En effet, on sait que le pouvoir de police du préfet s’exerce sur l’installation 30 ans après la cessation régulière d’activité (L. 152-1 C. Env), peu importe que l’installation ait cessé de fonctionner (CE, 11 avr. 1986, no 62 234, Min. de l’environnement c/ Sté des produits chimiques Ugine-Kuhlman) ou que l’installation ait fonctionné sans autorisation (CAA Paris, 5 nov. 1991, no 90PA00331, Secrétaire d’État auprès du Premier ministre chargé de l’environnement c/ Sté Saint-Yves).
3 – Différence entre un ‘propriétaire’ et un ‘détenteur’ de déchets
Le Code de l’Environnement rend responsable de l’élimination des déchets tout producteur ou détenteur de ces déchets.

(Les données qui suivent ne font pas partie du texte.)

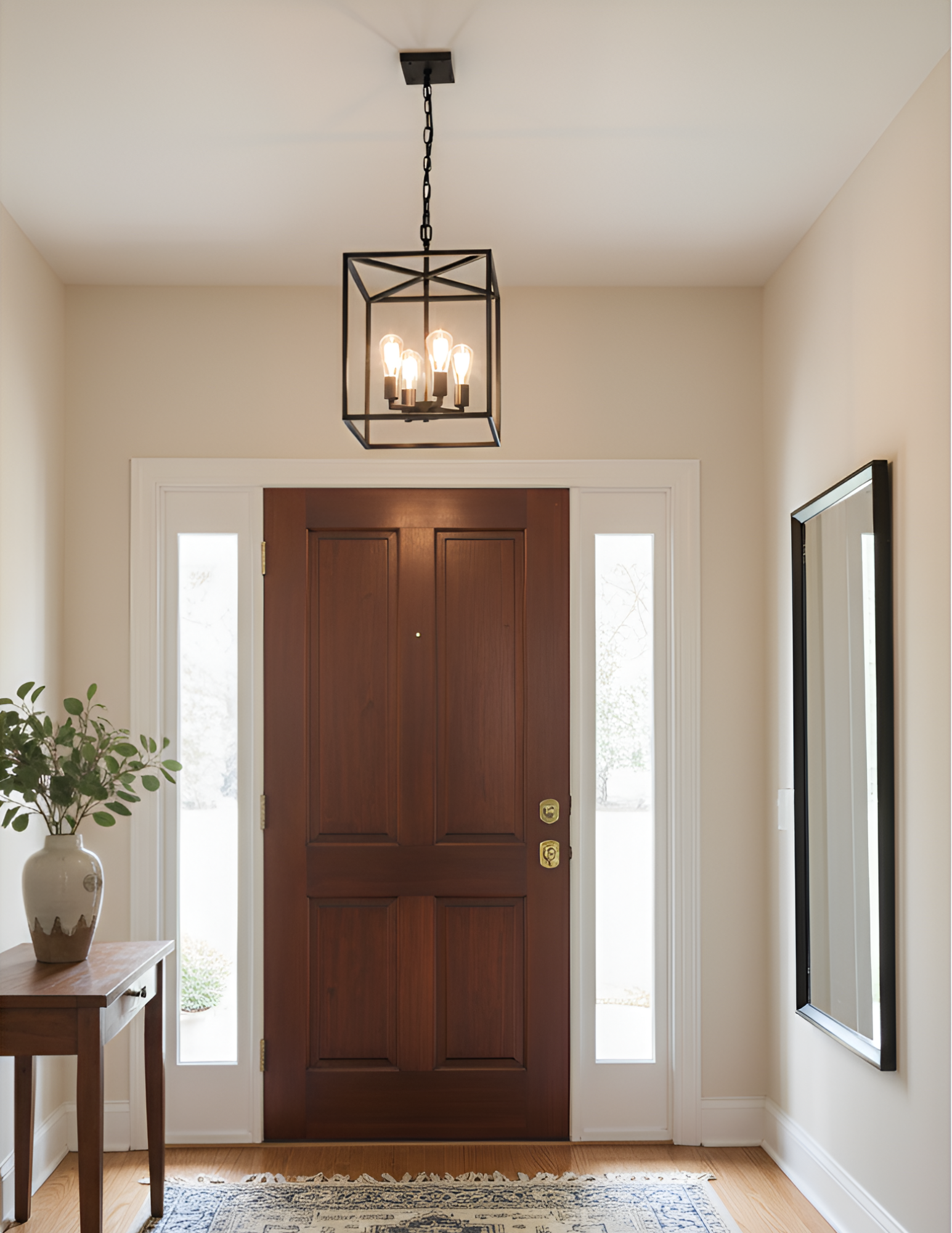 Rosslyn 4-Light Entry -MB ALL MATTE BLACK - Decorative Pendants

L’administration a pu assimiler le propriétaire du terrain au détenteur du déchet qui s’y trouve, de sorte que c’est le propriétaire du terrain sur lequel sont entreposés les déchets qui est tenu pour responsable de leur élimination.
La Cour Administrative d’Appel de BORDEAUX, dans son arrêt du 6 avril 2009, avait adopté une jurisprudence plus étroite en jugeant que la seule qualité de propriétaire d’un terrain sur lequel étaient entreposés des déchets, « en l’absence de tout acte d’appropriation portant sur ceux-ci », ne pouvait suffire pour conférer la qualité de détenteur au sens du Code de l’Environnement (article L.541-2) et, en tant que tel, en tant que responsable de l’élimination. En gros, le propriétaire du terrain n’est pas détenteur des déchets s’il n’en a pas accepté la garde (dépôt sauvage par exemple).

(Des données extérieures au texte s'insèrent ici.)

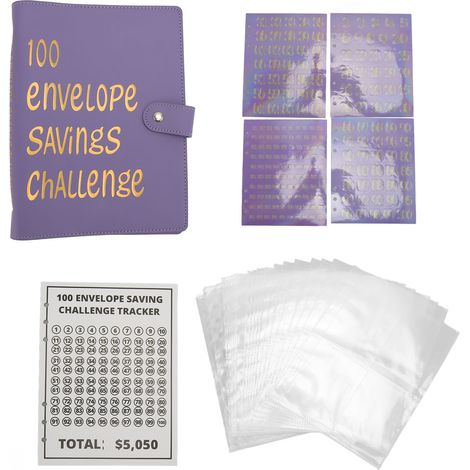 Classeur d'épargne en cuir PU imperméable A5 avec 100 enveloppes à espèces pour enfants et adultes violet (1/4)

Le Conseil d’État annule l’arrêt de la Cour sur ce point en jugeant, sous forme de principe, que le propriétaire d’un terrain sur lequel ont été entreposés des déchets peut : « en l’absence de détenteur connu de ces déchets, être regardé comme leur détenteur au sens de l’article L.541-2 du Code de l’Environnement, notamment s’il a fait preuve de négligence à l’égard d’abandon sur son terrain ».
En d’autres termes, le Conseil d’État distingue la qualité de propriétaire et celle de détenteur :
– Si un détenteur des déchets est connu, c’est à lui d’assumer l’obligation d’élimination des déchets. Tel serait le cas si le terrain était, par exemple, loué par un tiers qui soit à l’origine de l’entreposage de déchets sur ce terrain et que la personne morale continue d’exister (mais, dans ce cas, cette personne morale serait le dernier exploitant de l’ICPE et ce serait donc au préfet d’agir…) ;
– S’il n’existe plus aucun détenteur connu des déchets, le propriétaire du terrain sur lequel ont été entreposés les déchets peut être regardé comme leur détenteur dans certaines circonstances : Tel est le cas du propriétaire qui a fait preuve de négligence à l’égard d’abandon de déchets sur son terrain. Dans ce cas, il peut être considéré comme leur détenteur.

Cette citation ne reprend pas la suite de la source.